出講する前に神保町へ寄り道する事を即断して今ブックセンターへ向かっている。
『思想』は果たして置かれているのか?

 

この「帝国史」論で「したり」と思ったのは das Heilige Römische Reich Deutscher Nation の存在についてである。自分は歴史学とは全く関係のない素人だが、この Karl der Größe 以来代々「ローマ皇帝」を受け継いだ君主を戴いた政治集合体は名前に「ローマ」がついているとはいえ、素人の歴史観からしても S.P.Q.R. (Senatus Populusque Romanus)とは内実何も繋がっていない事は明らかだ。

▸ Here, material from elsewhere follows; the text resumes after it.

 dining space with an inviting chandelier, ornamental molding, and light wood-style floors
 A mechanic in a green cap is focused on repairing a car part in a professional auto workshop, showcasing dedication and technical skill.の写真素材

この「ローマ」とは後にカトリック教会という西欧におけるキリスト教の一大派閥を作る「ローマ大司教」が、信者となったフランク王国のカールに委ねたゲルマン民族諸国のアリウス派からの改宗を目的にした図版拡大政策の結果、800年に彼に授けられた「ローマ皇帝」の「ローマ」、すなわち「ローマ教皇」の「ローマ」を意味すると私は考えてきた。それがこの巻頭言で確認できた事は大きな喜びだった。

 

近世帝国と近代帝国を架橋して考える重要性は、歴史を今に活かすためには強く納得できる。そして20世紀までの、海や陸を具体的に支配して存在する Imperialismus に代わって、経済という手段で相手国の法を侵さずに着実に版図を拡大する動きーーこの最たるものがクローバリズムだろうがーーについて歴史学はどう捉えるのか興味を抱いた。

 

それから自分の専門と関係の深い Reich という言葉は歴史学ではどう捉えているのか知りたくなった。Reich は古代高地ドイツ語では rihhi でその語源は「支配者」を意味し、ケルト語の rī (王)からの借用語だという。羅甸語の rex にも対応している。ドイツ語圏は das Heilige Römische Reich から1871年das Deutsche Reich になりWWII後 Reichsländer はBundesländer になった。WWI以降ドイツ皇帝が存在しなくても、das Deutsche Reich だった。この「帝国」は一体何と捉えるべきかヒントが欲しい。

 

自分の専門では言語帝国主義という用語がある。この帝国主義にもリンガ・フランカを手段として積み重ねられた歴史がある。今では English がその対象であろうが、かつては κοινή, lingua latina, Français が君臨したし、植民地では Español, portuguêsが今でもその爪痕をハッキリと遺している。かつてネブリーハは『カスティーリア語文法』(1492)の序文で、言葉はその国と共に隆盛を極め、また滅びる、という事を書いた。今後も別の言語がその政治的・国家的趨勢と共に現れる可能性もある…。

 

神保町に着いた。早速ブックセンターへ。あった『思想』!間髪入れず購入。まだ5-6冊は平積みされている。興味にある方は急がれたし。